Robert and Johanna Titus

 

Have you ever been to the Devil’s Tombstone? That’s a very sizable boulder at the Devil’s Tombstone Campground in the eastern Catskills. Make your way to Rte. 214 and head north until you reach Stony Clove Gap, a great canyon that cuts through the mountain there. You can park right in front of the boulder. It’s a lot of rock; it does look like a giant tombstone with its nearly rectangular shape and almost, but not perfectly, upright positioning. It’s certainly worth visiting and there are good hiking trails in the vicinity – come warmer weather.

Devil’s Tombstone

But the Devil’s tombstone may be more than just an oddity. It forms a striking image, begging for some sort of explanation. There has been widespread hypothesizing that it is a stone monolith, somehow manipulated into its present state by a long-ago prehistoric culture. We heard that story decades ago and never gave it much thought. It is claimed that the Tombstone lies near the northwestern end of something called the Hammonasset Line. That is a geographic line that points to Council Rock on Long Island, a similarly large boulder. Furthermore, it is said that its compass direction matches the alignments of both the winter and summer solstices.

Patterns such as these call for attention. A scientist seeks to find a solution using the famed, but not widely understood, “scientific method.” The first step (of five) in the scientific method is to define the problem that needs solving. Ours is simple: what is the Devil’s Tombstone and how did it get to be what it is? The second step in the method is to study the problem and gather as much knowledge about it as possible. The third step is to describe hypotheses that offer potential solutions to the problem. It is always better to have as many hypotheses as possible; it is not always likely that the first one to come to mind will turn out to be the “winning” solution.  After that comes step four, perhaps the most important: falsification. One by one the available hypotheses are tested. Each one should generate if/then statements.
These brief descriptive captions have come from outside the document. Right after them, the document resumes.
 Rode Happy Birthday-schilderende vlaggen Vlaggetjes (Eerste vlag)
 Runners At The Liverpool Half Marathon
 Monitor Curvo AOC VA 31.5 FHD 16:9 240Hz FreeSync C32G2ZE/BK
If the hypothesis is correct, then it follows that something else should be true. One by one the hypotheses are tested and, one by one, many of them fail the testing process and are falsified. If all goes well, in the end only one hypothesis will remain and may well come to be seen as the solution: something scientists formally call a scientific theory. The theory is regarded as the highest level of explanation in science; it is thought to have been proven, as thoroughly as humans can prove anything.

The stone monolith idea for the Devil’s Tombstone is a compelling hypothesis but it deserves to be joined by others; if it can survive competing challenges then if may well rise to the lofty level of scientific theory. Finding other hypotheses is our intent in this column. We have spent some time exploring the Devil’s Tombstone vicinity and we have been combing the geologic literature for the Stony Clove area as well. That has taken us through step two of the method.
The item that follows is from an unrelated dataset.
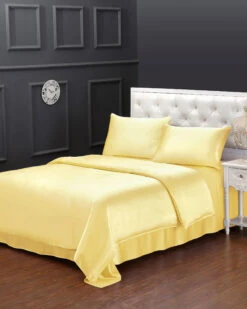 LILYÁUREA® 19 Momme Seamless Silk Sheets Set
Let’s go to step three – hypothesizing. We have developed two more of them. The first is that the Devil’s Tombstone may have formed as the result of it having fallen downhill from the steep slope rising above it. That may sound unlikely, but any hypothesis, no matter how unlikely should be tested. We, in fact, had no trouble finding at least one good very nearly vertical boulder up the road a bit. It was surrounded by a large jumble of other nearby boulders, all in various inclinations, all of which were equally unlikely. These had clearly all tumbled downhill to where they are today. Our gravity hypothesis has passed a test–sort of. Gravity could have, similarly, produced the Devil’s Tombstone, but we were just not happy with this notion. This hypothesis predicts that there should be a lot of other gravity-slide materials very near Devil’s Tombstone. The Tombstone is isolated and that is troubling.
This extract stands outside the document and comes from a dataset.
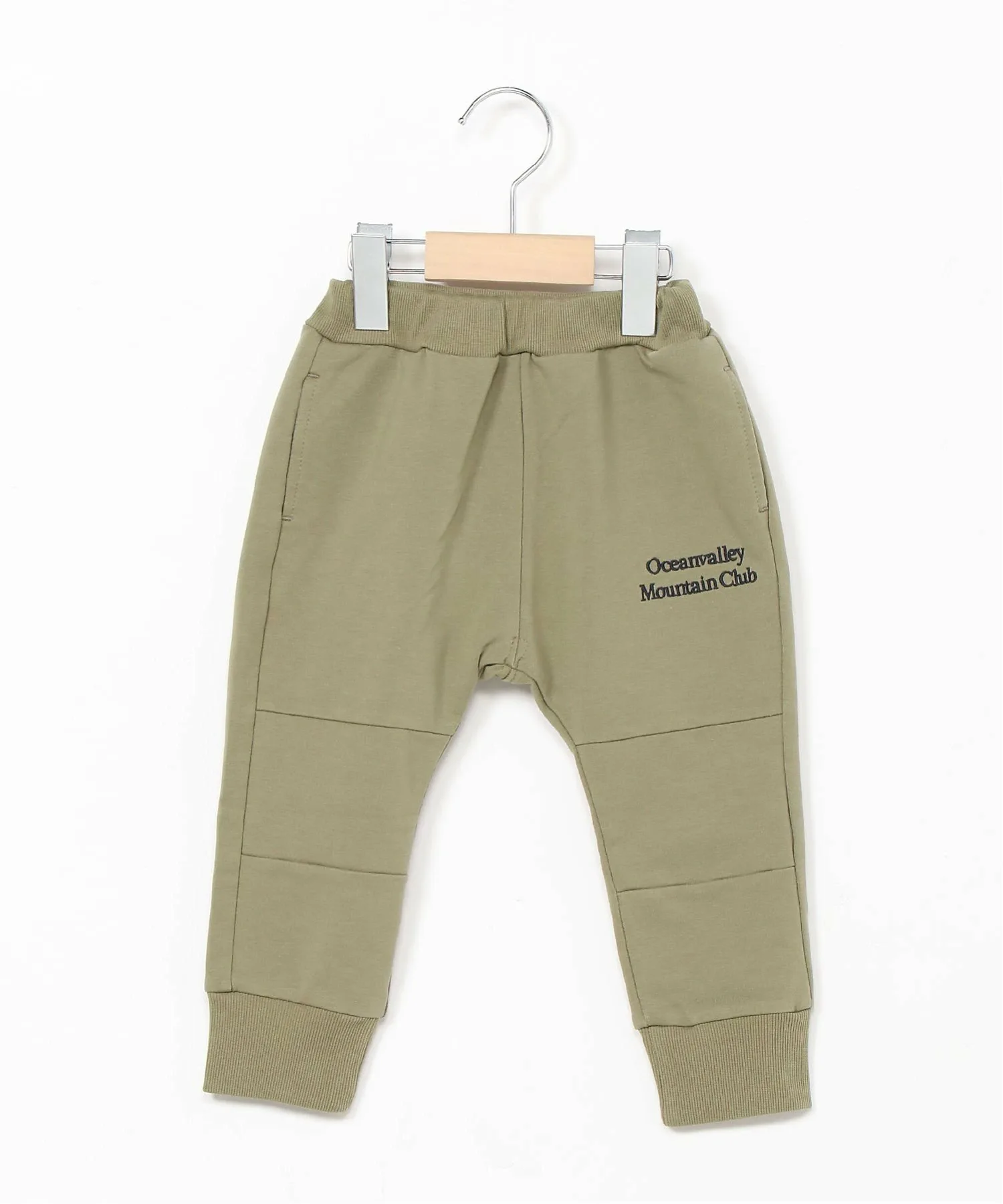 Спортивные брюки /(K) с ребристой отделкой до щиколотки Ocean&Ground, olive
Steeply inclined boulder up the highway from the Devil’s Tombstone

We went back to step two of the method. We studied ice age geology maps of the area, published by the New York State Museum in 1935 and 1983 and soon had another hypothesis. Glacial geologists have long understood that, at the very end of the Ice Age, one final advance of the ice had thrust its way through Stony Clove, heading south. It was very possible that such advancing ice had carried the Tombstone along with it and deposited it where we see it today. When the ice melted away, the Tombstone was left in its unlikely steep slope. The Tombstone would be what is called a glacial erratic. This is an interesting and appealing hypothesis but, still, its curious inclination and isolation remained as problems.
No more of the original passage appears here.